Dear Margaret, Do you think that your question of your holed pots is confined to samian ware, or could it be extended to coarse ware as well? If the latter, you might want to consider (although you probably already know about it): Fulford, M G and Timby, J, 2001 Timing devices, fermentation vessels, ‘ritual’ piercings? A consideration of deliberately ‘holed’ pots from Silchester and elsewhere. Britannia 32, 293–7.
From a slightly different angle (I am a metalwork specialist), I found some – admittedly vague – hints at a ritual use of holed vessels when working on the assemblage from Britain's largest Roman temple complex at Springhead on the High Speed 1 rail link in Kent, where I came across a total of 34 lead pot-mends, 27 of which of a type (my type 1) which could have been used to plug holes of the size you describe; these were all found on coarse ware vessels though. I discuss ritual use for those plugs found in the sanctuary area to the east of the Ebbsfleet, while the plugs found in properties on the western (settlement) side of the Ebbsfleet may simply be related to the lead working carried out there. I attach the relevant pages 247-50 of my contribution to the volume (Schuster, J., 2011, Springhead metalwork, in Biddulph, E., Seager Smith, R. and Schuster, J., Settling the Ebbsfleet Valley: HS1 excavations at Springhead and Northfleet, Kent – the late Iron Age, Roman, Saxon and medieval landscape Vol. 2: Late Iron Age and Roman finds reports. Salisbury, Oxford Wessex Archaeology, 189–291).

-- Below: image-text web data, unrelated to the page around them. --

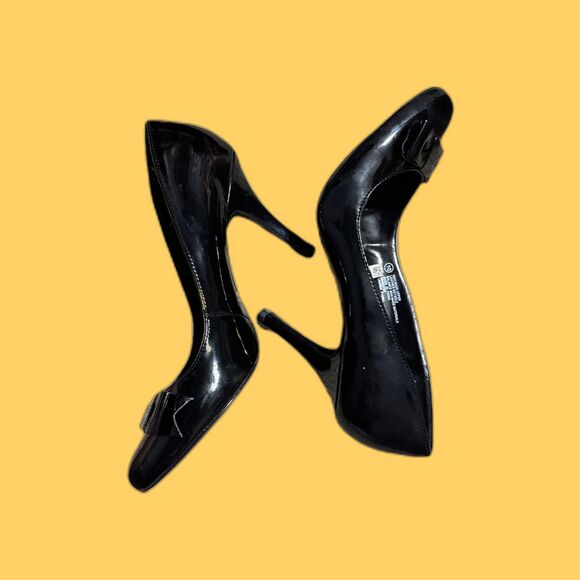 Hollywould Lauren Black F10991 Women 10 Heels Pumps Vintage Y2K Cute Goth New - Picture 2 of 8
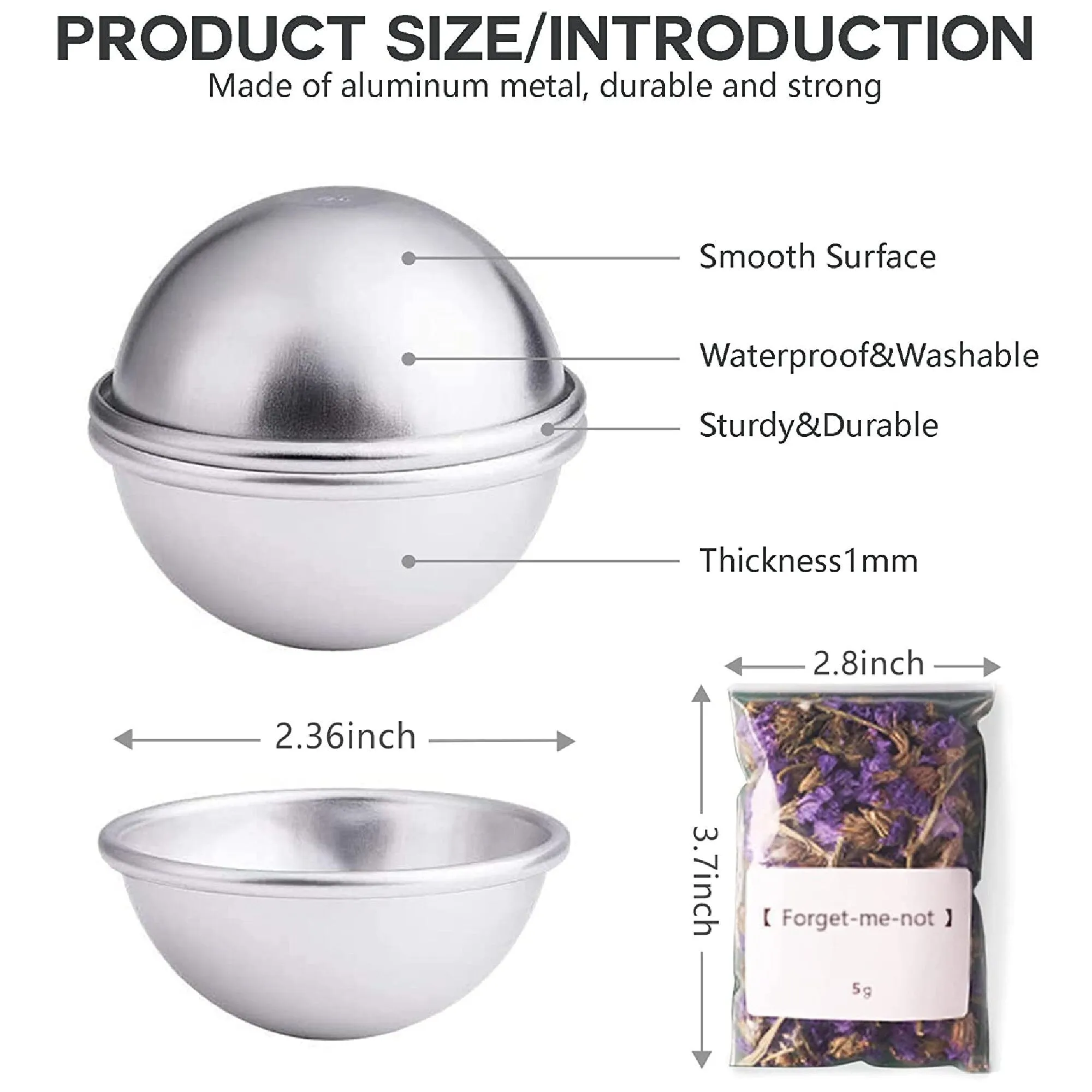 Set Of 74 Molds For Bath Bombs And Dried Flowers | DIY Kit Includes 12 Metal Bath Bomb Molds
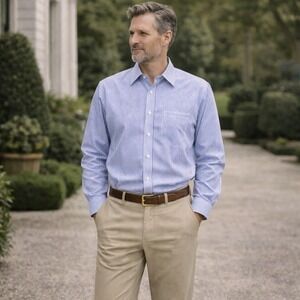 BROOKS BROTHERS Striped Dress Shirt Blue Cotton Button Down Size 18 4/5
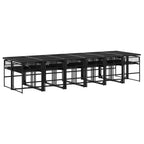 vidaXL Set da pranzo da patio con cuscini Tavolo e sedia da esterno in polyrattan nero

In their discussion of repaired vessels my colleagues Rachel Seager Smith and Kayt Marter Brown settled for an explanation attributed simply to a change of use (same volume, pp. 123-4).
Maybe this is of some use for your research.
Many thanks, Jörn. I see no reason why we shouldn't consider the 'other pottery' too, as I see samian ware very much as just one part of the pottery assemblage! So, this is very useful. I'll have a look at Britannia 2001. There are also recent studies of repaired samian vessels found in ritual/funerary contexts.
From memory, there were no repairs of samian vessels amongst the Springhead/Ebbsfleet assemblage. You will find in one of the 2006 Appendices that I carried out the original assessment of the samian ware from the first CTRL Springhead site. Coincidence!
Looking at these four holed vessels from the two amphitheatres, the position of the hole pierced through the dish [found in an early amphitheatre context] makes it very unlikely to be representative of repair-work, due to the shape and mouldings on the form [Drag 15/17].
Jörn, may I ask for further details: when you said, 'In their discussion of repaired vessels my colleagues Rachel Seager Smith and Kayt Marter Brown settled for an explanation attributed simply to a change of use', do you mean change of use of the pot, or of the site and if so, in what way? I don't have a copy of the publication or of the pottery report.
Also, do you [or other metal-work specialists] often find evidence of the rivets and/or cleats as used on samian ware but found separately from the pots themselves?
Glad I could be of help. I was wondering whether you might have been involved with that site at some stage; but I normally try to stay far away from the pots so wouldn't have known.
There were in fact two samian sherds with remaining lead rivets from Springhead, but there are quite a few that have the holes or traces associated with them; Rachael and Kayt even mention eight samian vessels with cross-cut or bowtie-shaped slots (see p. 123). I'll try and dig out photos of those two rivets and post them here, but it might take a while to get the database working again.
Thanks again, Jörn. That's strange - I remember one Springhead dish of form 18 with a hole removing the basal stamp, but that was attributed to 'ritual killing of the pot'. I remember Joanna Bird saying that there were no repaired vessels in her final report, but perhaps this was referring to the cemetery alone and the eight samian repairs were from elsewhere?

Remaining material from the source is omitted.